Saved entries
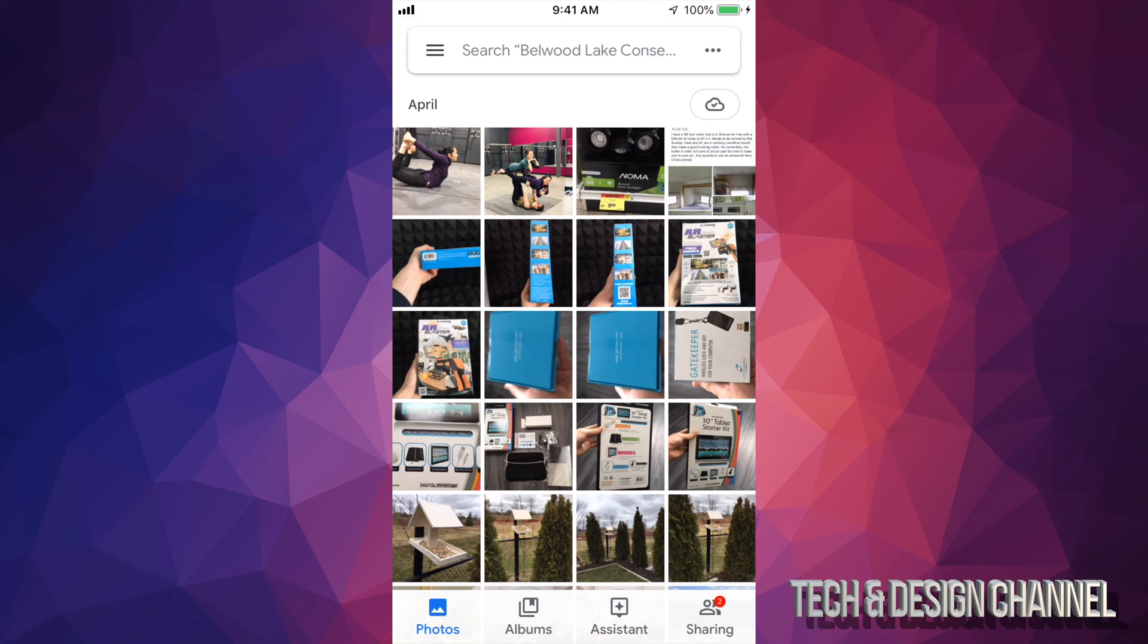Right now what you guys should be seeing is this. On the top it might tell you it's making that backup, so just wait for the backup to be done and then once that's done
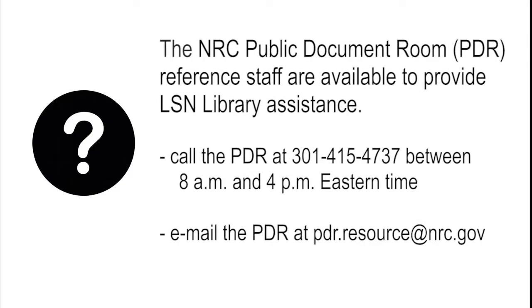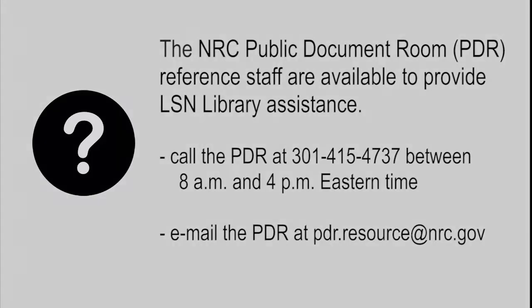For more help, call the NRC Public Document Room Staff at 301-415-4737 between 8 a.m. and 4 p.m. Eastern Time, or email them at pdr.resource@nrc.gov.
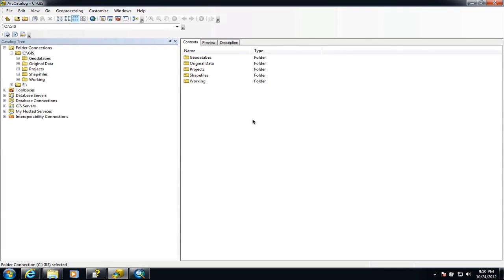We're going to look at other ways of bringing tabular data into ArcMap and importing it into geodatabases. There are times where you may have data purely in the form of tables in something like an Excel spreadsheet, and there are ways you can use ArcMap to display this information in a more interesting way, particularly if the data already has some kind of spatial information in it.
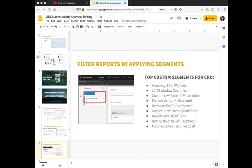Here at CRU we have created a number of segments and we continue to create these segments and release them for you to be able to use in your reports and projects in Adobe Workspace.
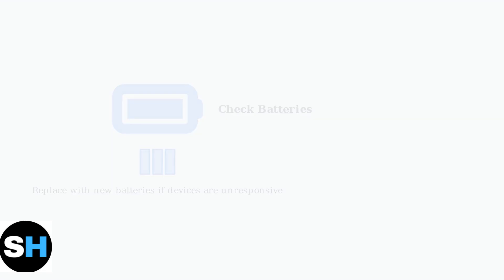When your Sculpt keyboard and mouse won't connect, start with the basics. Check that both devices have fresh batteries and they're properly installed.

■ Required action
Leave every picture out and retype exactly the lines of the records above from the one holding "Here at CRU" through the last, both ends included and nothing besides.

■ Response box
Here at CRU we have created a number of segments and we continue to create these segments and release them for you to be able to use in your reports and projects in Adobe Workspace.
When your Sculpt keyboard and mouse won't connect, start with the basics. Check that both devices have fresh batteries and they're properly installed.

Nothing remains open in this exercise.